無線LAN機器の相互接続認証・普及促進団体であるWi-Fi Alliance(WFA)は2012年9月20日、無線LAN技術を使って映像を伝送する技術規格「Wi-Fi Display」の認定プログラム「Wi-Fi CERTIFIED Miracast」を同日に開始したと発表した(ニュースリリース)。

 Miracastの認定を受けたスマートフォンやテレビなどの対応機器は、無線LANのアクセスポイントを介さずに機器同士で直接映像を送受信できる。例えば、スマートフォンやタブレットの画面を無線でテレビに表示したり、パソコンの画面をケーブルでつながずにプロジェクターに表示したりすることが可能になる。

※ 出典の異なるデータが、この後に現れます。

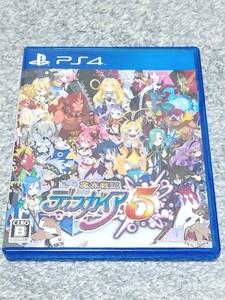 PS4 魔界戦記ディスガイア5
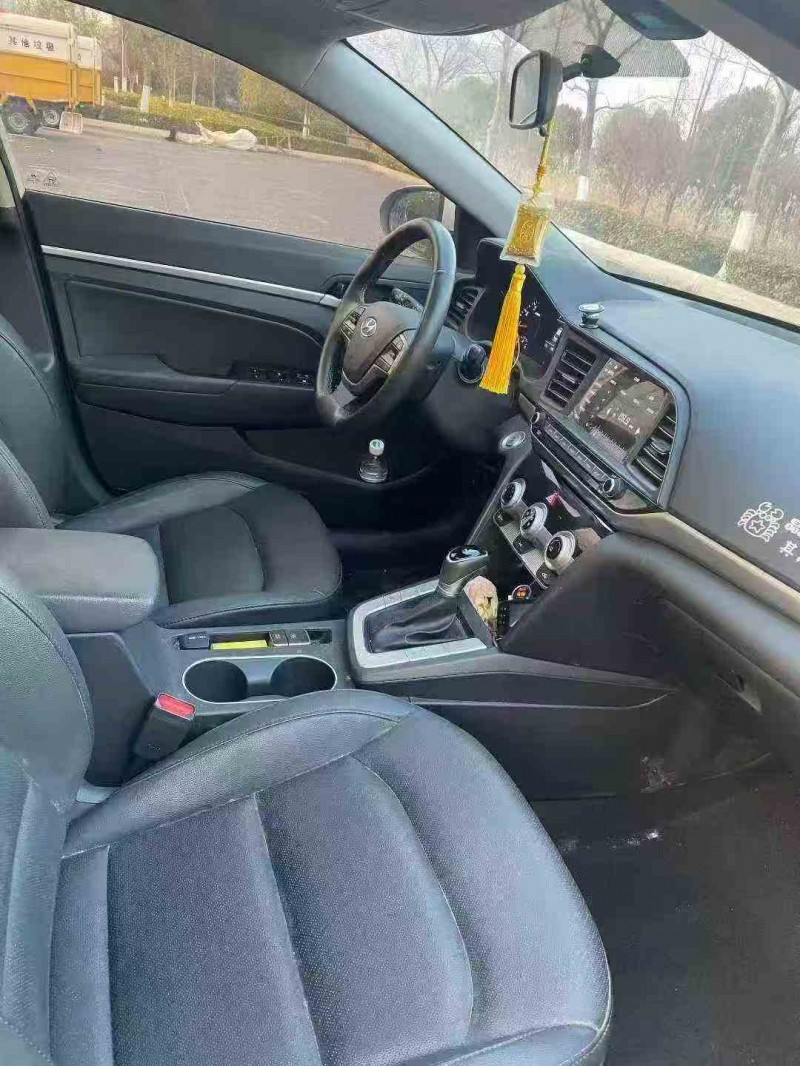 淮安20年现代领动4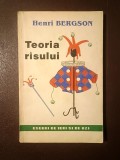 Henri Bergson - Teoria r&icirc;sului ...r&acirc;sului (1992)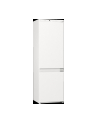 Lodówka Gorenje | NRKI418EE1 | Klasa efektywności energetycznej E | Wbudowany | Kombi | Wysokość 177,2 cm | System No Frost | Pojemność lodówki netto: 180 L | Pojemność netto zamrażarki 68 L | Wyświetlacz | 39 dB | Biały - nr 9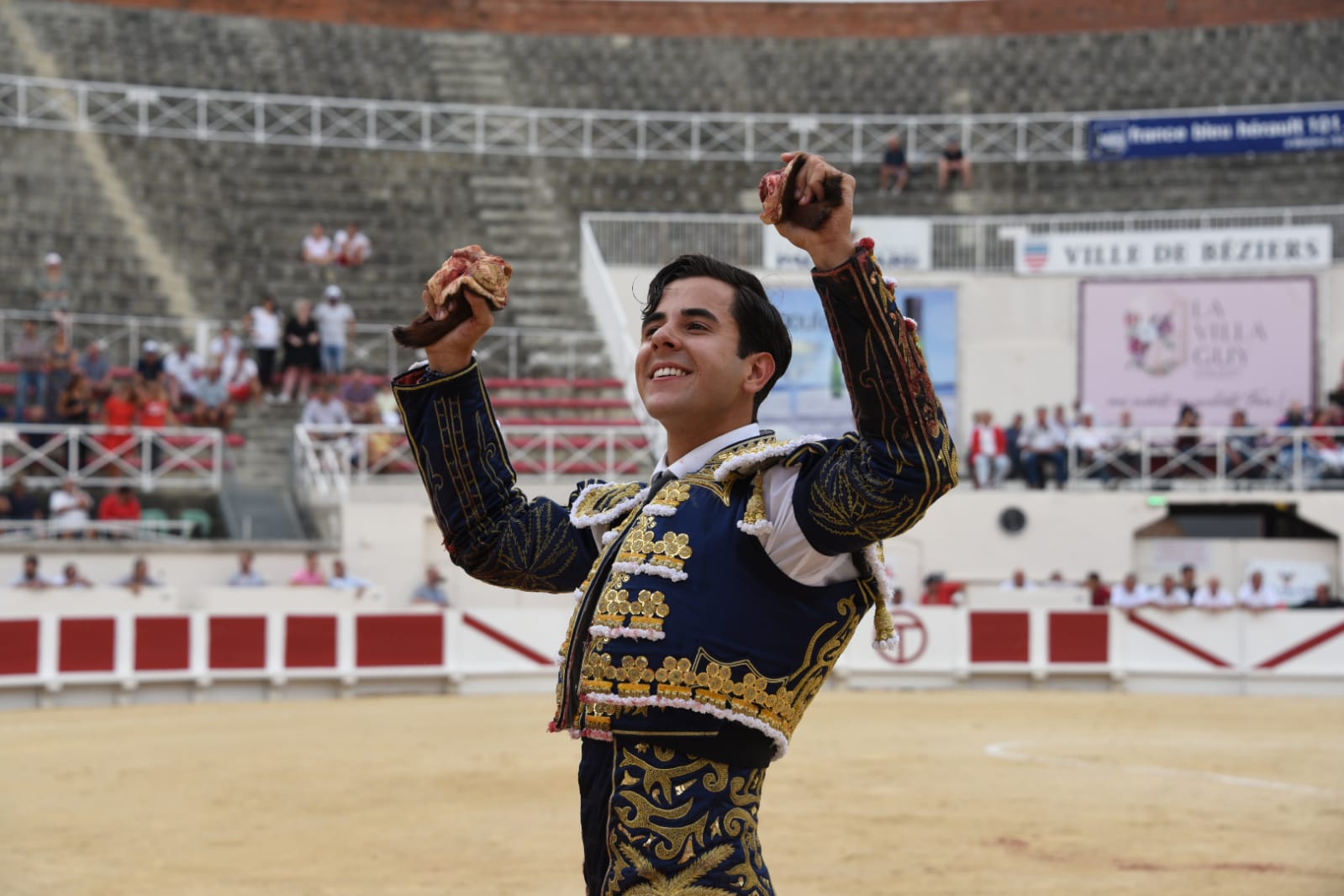 Beziers, domingo 18 de agosto de 2019. Novillada matinal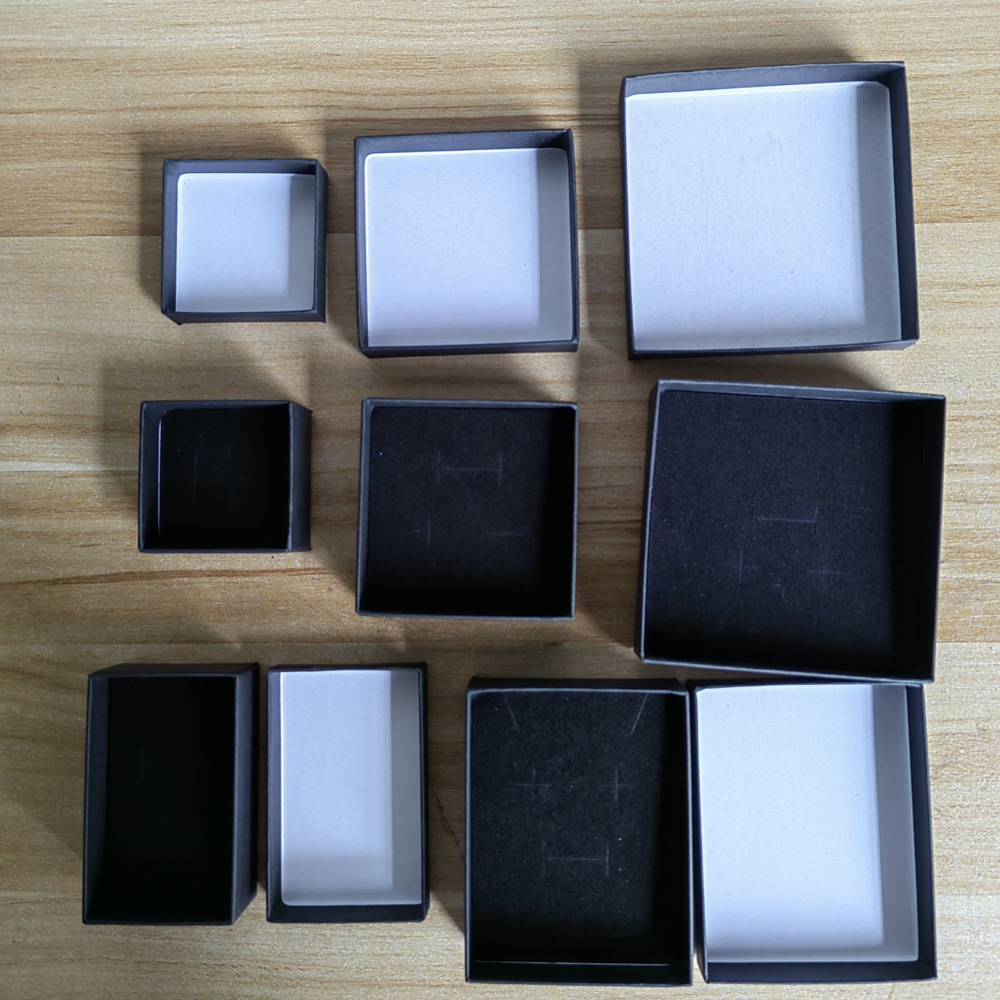 Ring bracelet box necklace box jewelry packaging box jewelry packaging box bracelet necklace earring packaging various sizes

 Miracastの技術規格であるWi-Fi Displayでは、機器間の接続にWi-Fi Directを用いる。接続設定はWPSで簡単に行うことができ、機器間の通信はWPA2で暗号化される。HDMIやDVI、DisplayPortなどの暗号化に用いられる著作権保護技術のHDCPにも対応している。なお、Wi-Fi Displayがサポートする無線LAN規格はIEEE802.11nのみで、IEEE802.11a/b/gは対象外となる。ただし「将来的にはIEEE802.11acのサポートも検討している」(Wi-Fi Alliance Marketing DirectorのKelly Davis-Felner氏)。

 WFAは先週からMiracastの認定テストを開始しており、米Brodcom社の「Dualband 11n」や米Intel社の「WiDi(Wireless Display)」など、6社の無線LANモジュールやアダプタが最初の認定製品としてテストスイートで使われている。消費者向けの製品では、韓国LG Electronics社のスマートフォン「Optimus G」や韓国Samsung Electronics社のスマートフォン「Galaxy S III」、Samsungのテレビ「Echo-Pシリーズ」が初の認定製品になる見込みという。